ACTIVITY >>
Print the whole listing again exactly, keeping no pictures in it.

PROVIDED DATA >>
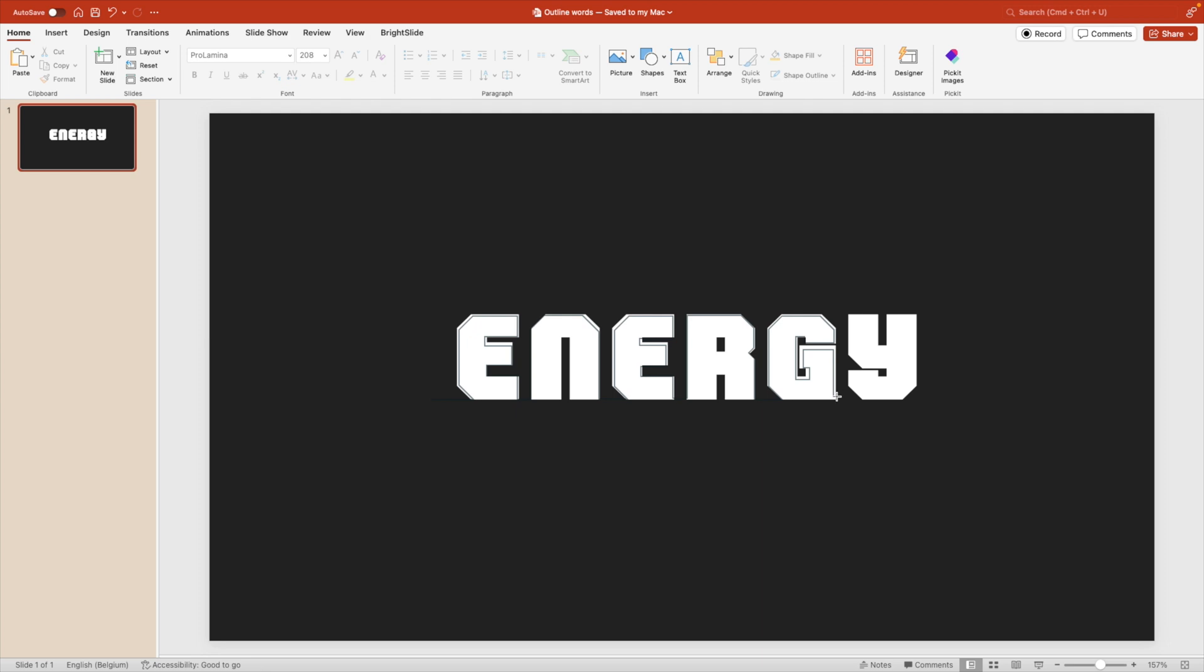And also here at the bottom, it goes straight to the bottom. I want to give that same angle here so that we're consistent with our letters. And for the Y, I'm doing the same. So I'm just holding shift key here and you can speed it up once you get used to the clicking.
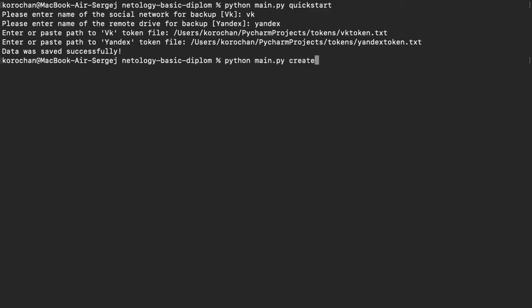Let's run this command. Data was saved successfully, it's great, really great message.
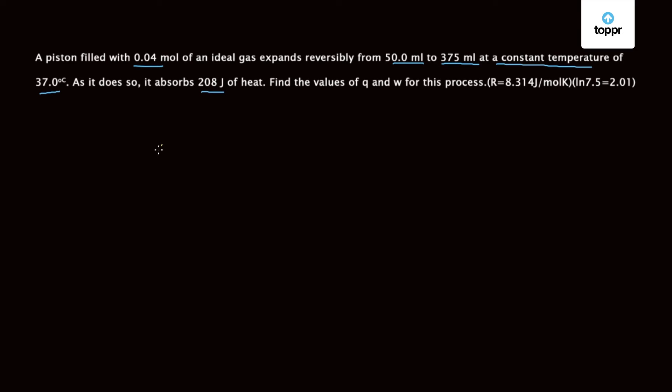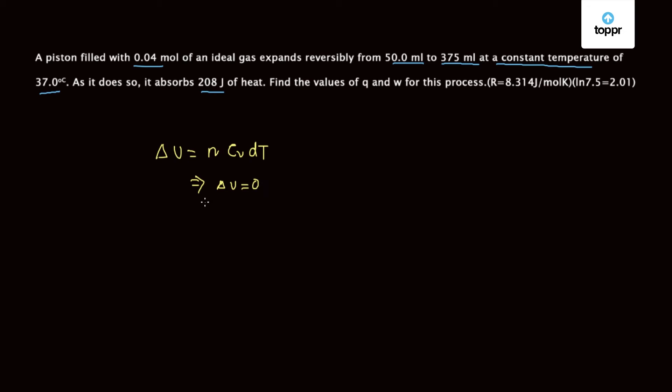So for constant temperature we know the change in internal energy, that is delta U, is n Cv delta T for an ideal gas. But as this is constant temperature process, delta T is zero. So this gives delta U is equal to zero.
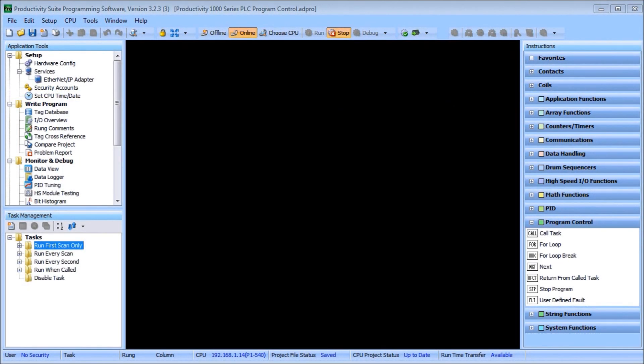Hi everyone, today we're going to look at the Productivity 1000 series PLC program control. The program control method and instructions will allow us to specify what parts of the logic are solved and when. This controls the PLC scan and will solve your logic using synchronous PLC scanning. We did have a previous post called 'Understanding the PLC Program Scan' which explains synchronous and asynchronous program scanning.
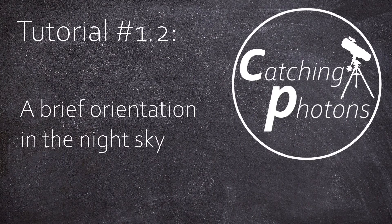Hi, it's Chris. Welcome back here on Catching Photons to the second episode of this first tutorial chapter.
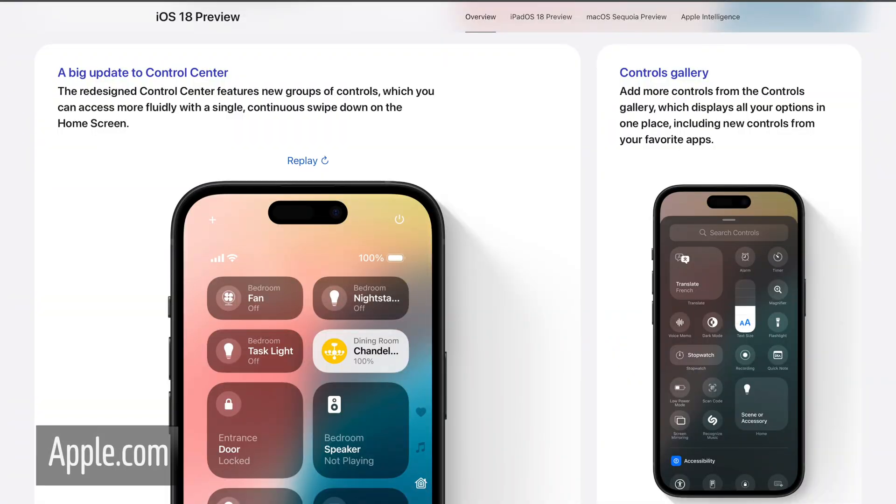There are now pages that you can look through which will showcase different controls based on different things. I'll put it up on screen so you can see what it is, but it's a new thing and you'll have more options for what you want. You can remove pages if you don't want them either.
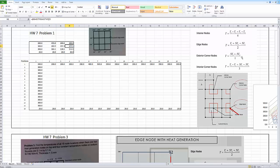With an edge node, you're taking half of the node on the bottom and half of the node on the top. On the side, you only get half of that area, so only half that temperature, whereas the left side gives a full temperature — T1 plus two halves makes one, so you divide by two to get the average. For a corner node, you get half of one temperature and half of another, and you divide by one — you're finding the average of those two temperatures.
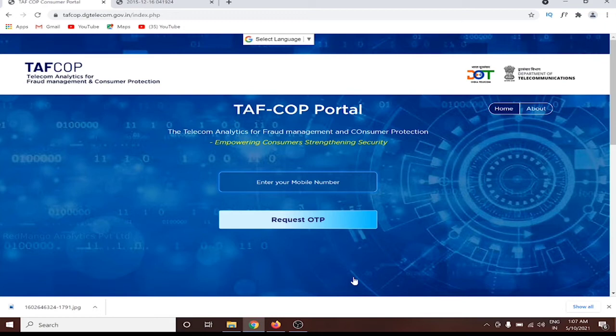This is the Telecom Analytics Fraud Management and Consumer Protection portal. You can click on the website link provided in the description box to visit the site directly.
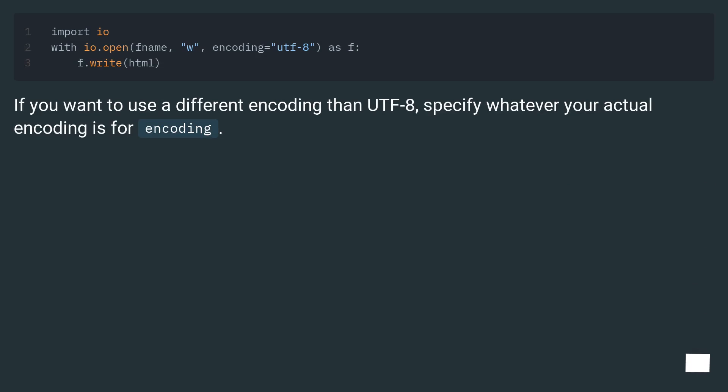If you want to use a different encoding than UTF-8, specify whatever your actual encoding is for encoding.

OUTPUT FOR THIS TASK >>
And also here at the bottom, it goes straight to the bottom. I want to give that same angle here so that we're consistent with our letters. And for the Y, I'm doing the same. So I'm just holding shift key here and you can speed it up once you get used to the clicking.
Let's run this command. Data was saved successfully, it's great, really great message.
So for constant temperature we know the change in internal energy, that is delta U, is n Cv delta T for an ideal gas. But as this is constant temperature process, delta T is zero. So this gives delta U is equal to zero.
Hi everyone, today we're going to look at the Productivity 1000 series PLC program control. The program control method and instructions will allow us to specify what parts of the logic are solved and when. This controls the PLC scan and will solve your logic using synchronous PLC scanning. We did have a previous post called 'Understanding the PLC Program Scan' which explains synchronous and asynchronous program scanning.
Hi, it's Chris. Welcome back here on Catching Photons to the second episode of this first tutorial chapter.
There are now pages that you can look through which will showcase different controls based on different things. I'll put it up on screen so you can see what it is, but it's a new thing and you'll have more options for what you want. You can remove pages if you don't want them either.
With an edge node, you're taking half of the node on the bottom and half of the node on the top. On the side, you only get half of that area, so only half that temperature, whereas the left side gives a full temperature — T1 plus two halves makes one, so you divide by two to get the average. For a corner node, you get half of one temperature and half of another, and you divide by one — you're finding the average of those two temperatures.
This is the Telecom Analytics Fraud Management and Consumer Protection portal. You can click on the website link provided in the description box to visit the site directly.
If you want to use a different encoding than UTF-8, specify whatever your actual encoding is for encoding.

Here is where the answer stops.